=== Stored data entries ===
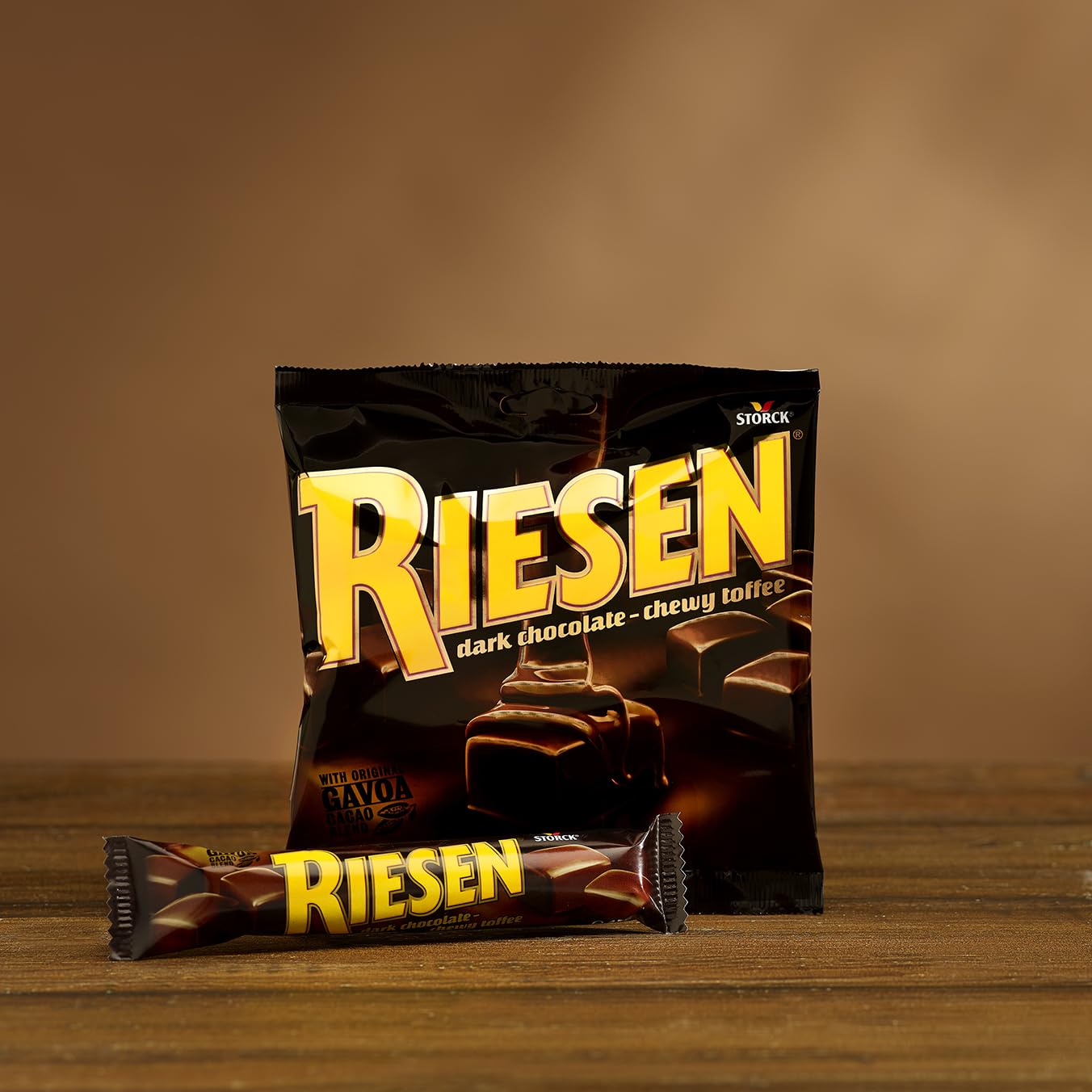 Riesen Dark Chocolate Covered Chewy Toffees, Rich & Indulgent Chewy Caramel 12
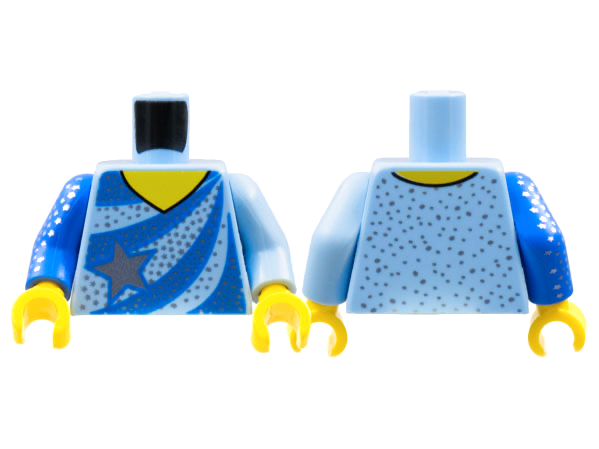 Torso Ice Skating Leotard, Blue Stripes, Silver Star and Speckles Pattern / Bright Light Blue Arm Left / Blue Arm with Silver Star Speckles Right / Yellow Hands: {светло кралско син}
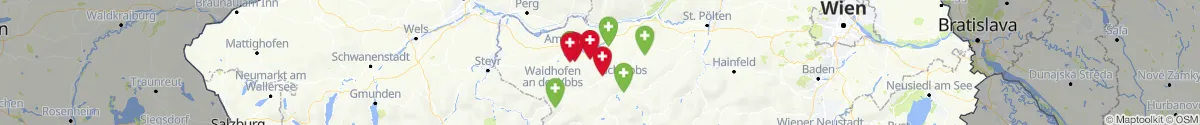 Kartenansicht für Apotheken-Notdienste in der Nähe von Ferschnitz (Amstetten, Niederösterreich)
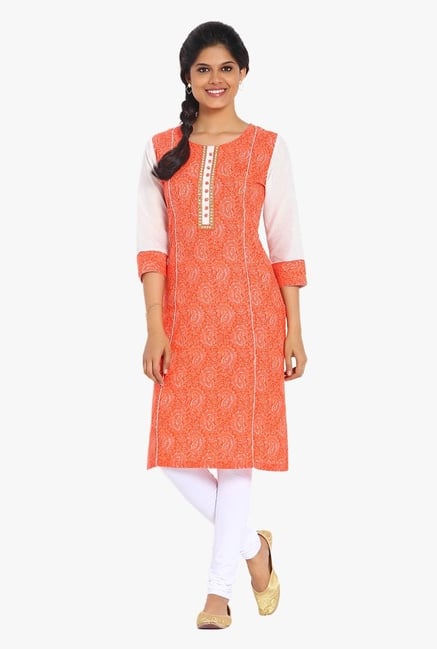 Soch Orange Paisley Print Cotton Kurta Soch Orange Paisley Print Cotton Kurta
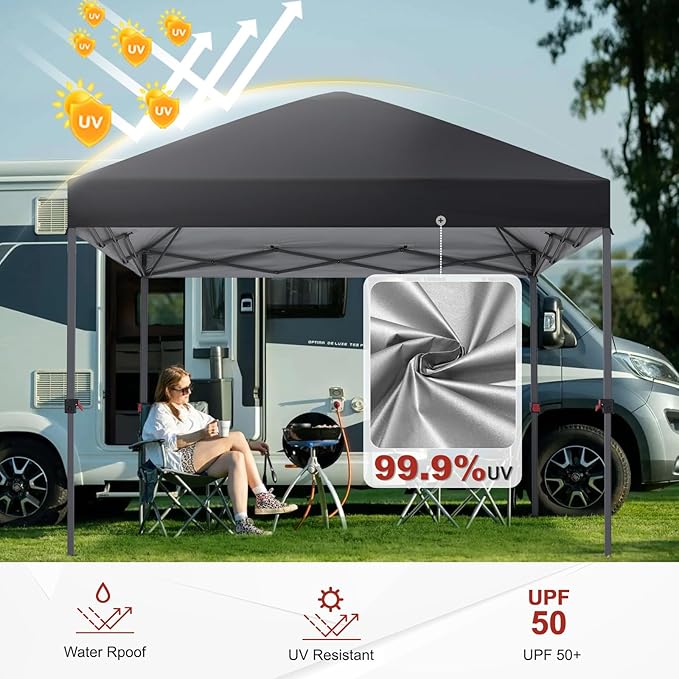ABCCANOPY 8x8 Pop Up Canopy Tent, Easy Setup Instant Shelter with Wheeled Bag, Heavy Duty Outdoor Canopy for Beach, Market, Backyard, UV Protection, Outdoor Weather Protection (Black, 8x8)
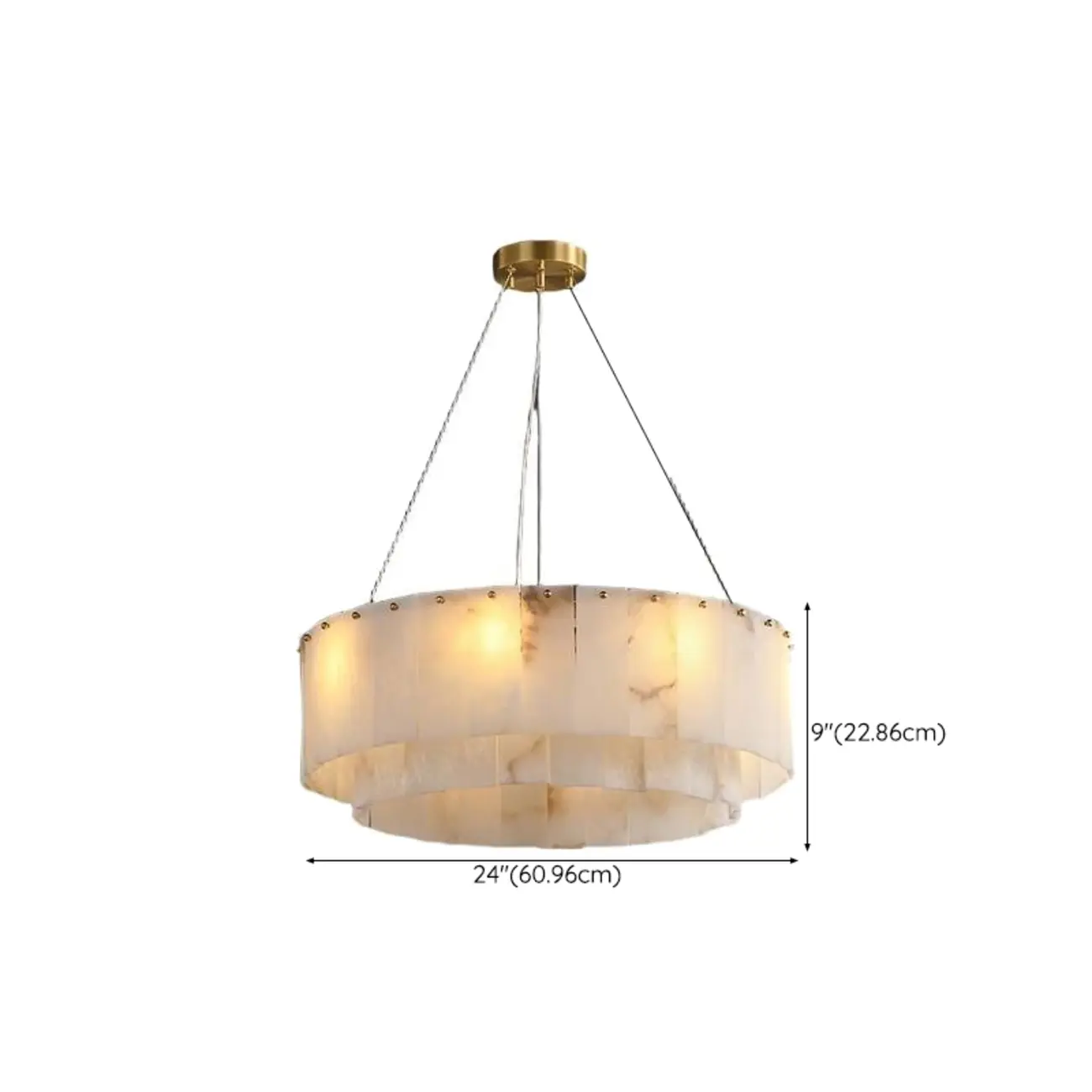 Vintage Gold Alabaster Drum Pendant Chandelier #size | homeyfad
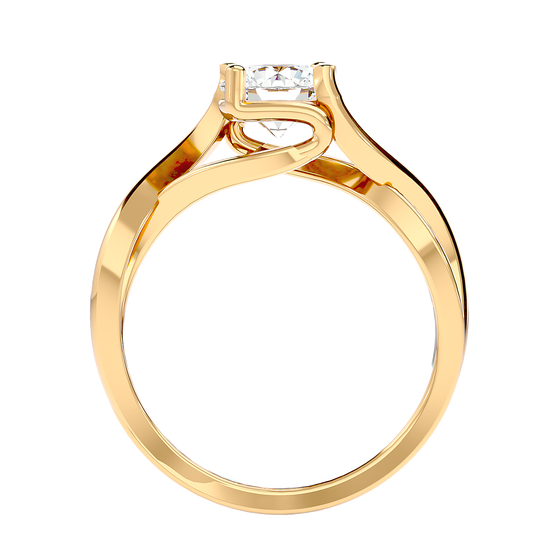 Solitaire Engagement Lab Diamond Ring 18 Karat Yellow Gold Criss-Cross 65 Pointer Lab Diamond Ring Fiona Diamonds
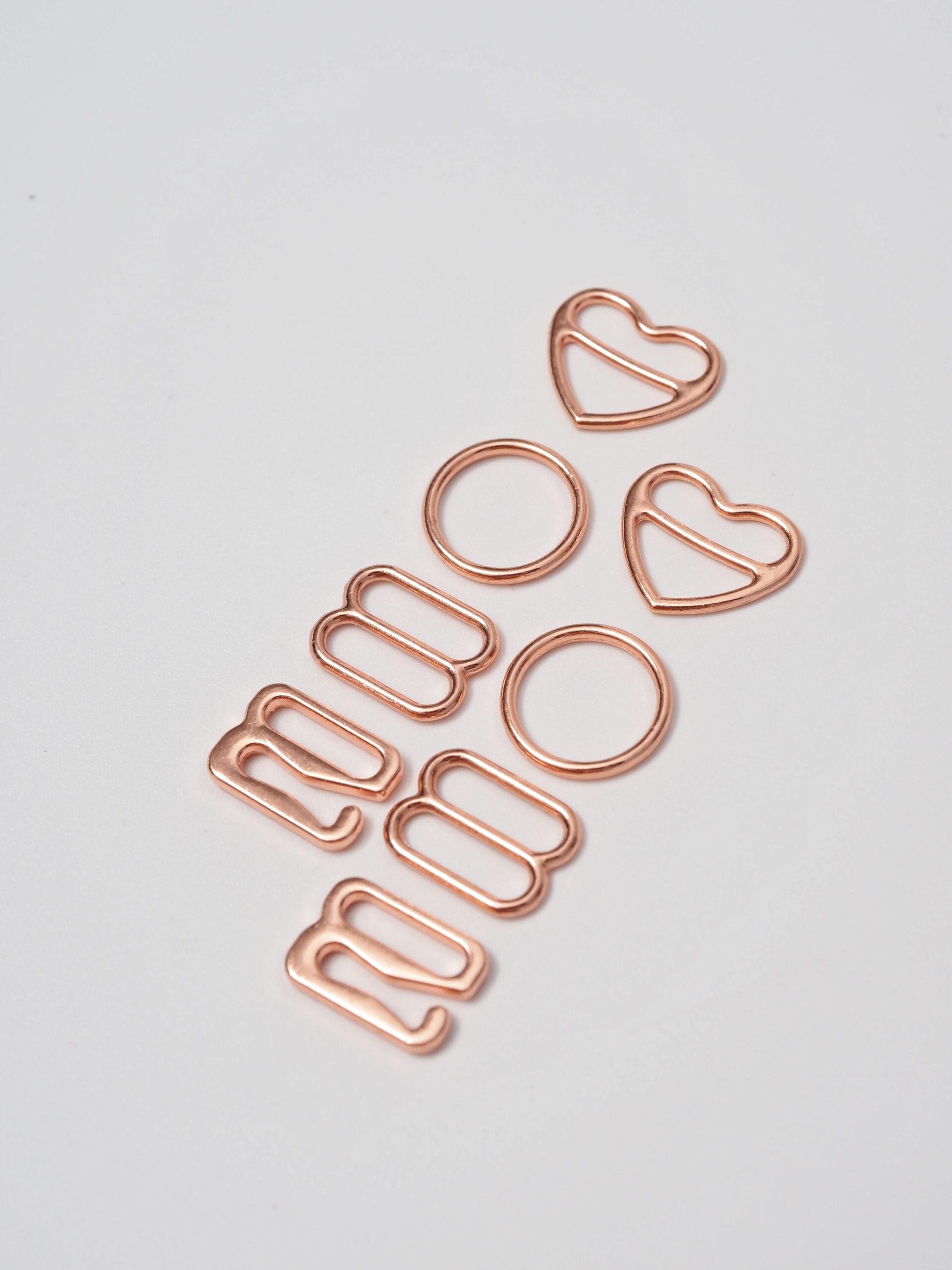 Кольцо, регулятор, регулятор сердечко и крючок для бюстгальтера розовое золото ширина 1 см ОПТом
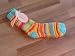 Bettsocken Kuschelsocken Cuddly Socks Ringel türkis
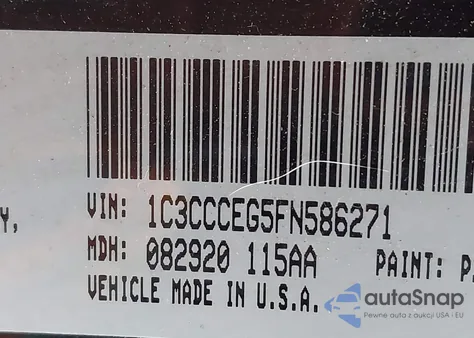 2015 Chrysler 200 C z USA, uszkodzony, nr VIN 1C3CCCEG5FN586271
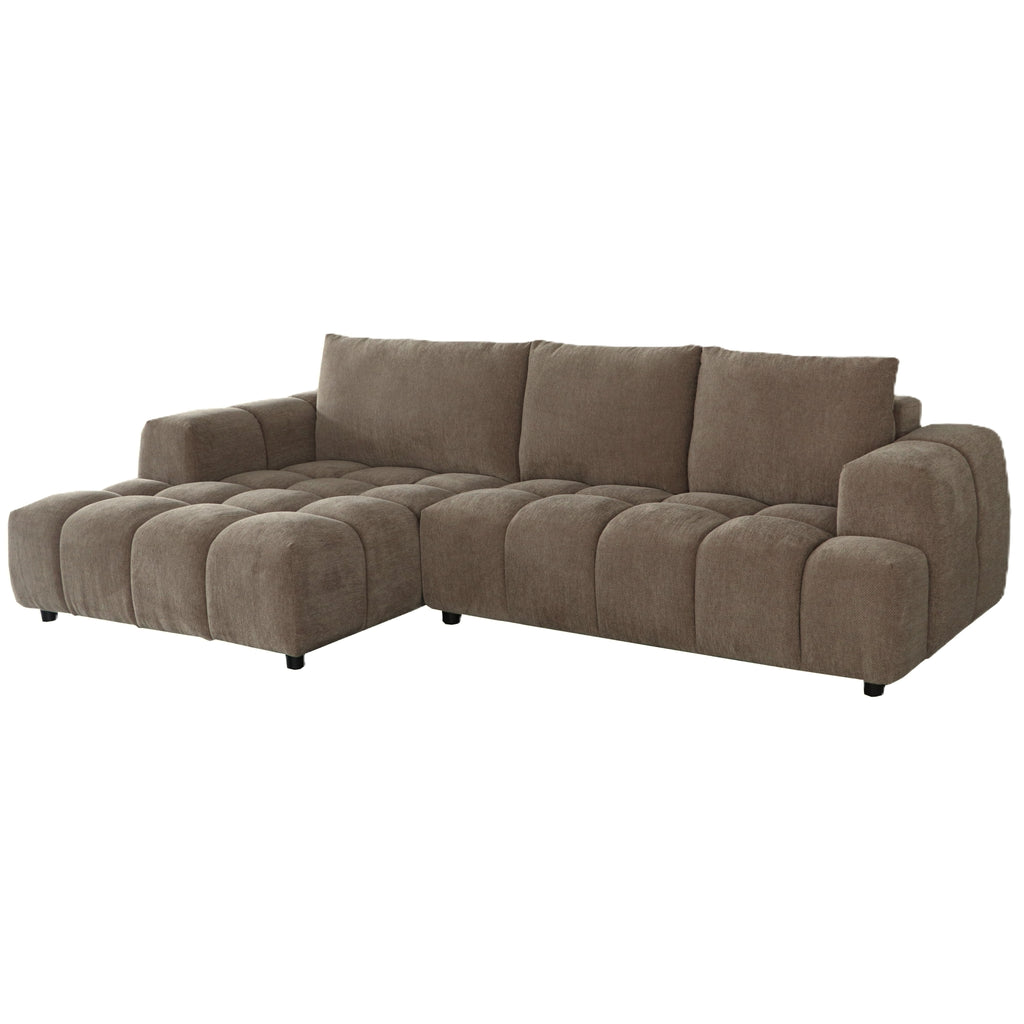 L-Form Ecksofa Links - Stoffbezug Taupe Ocean - FURNHOUSE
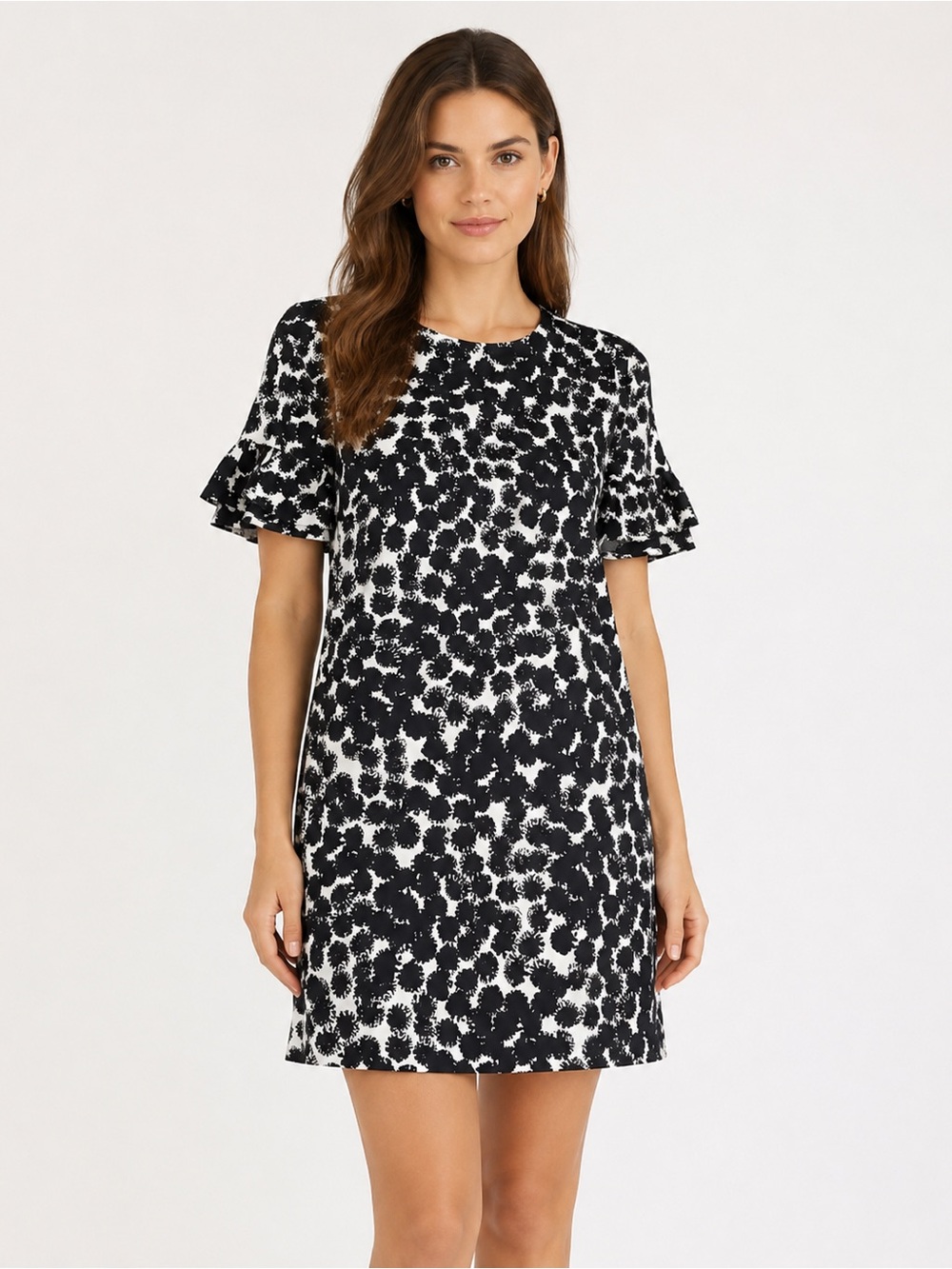 Trina Turk Black White Abstract Floral Ruffle Sleeve Shift Dress Size 6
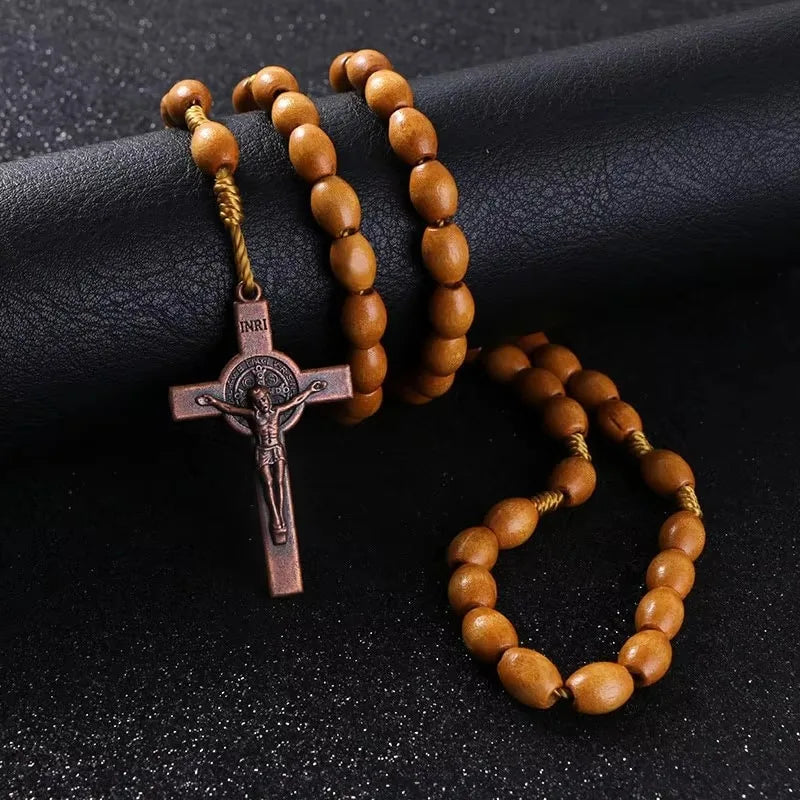 Handmade Saint Benedict Medal Wooden Rosary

=== Activity ===
Only the lines from the one containing "L-Form Ecksofa Links" through the final line of the data are to be written out, exactly as they stand and without pictures.

=== Response ===
 L-Form Ecksofa Links - Stoffbezug Taupe Ocean - FURNHOUSE
 Trina Turk Black White Abstract Floral Ruffle Sleeve Shift Dress Size 6
 Handmade Saint Benedict Medal Wooden Rosary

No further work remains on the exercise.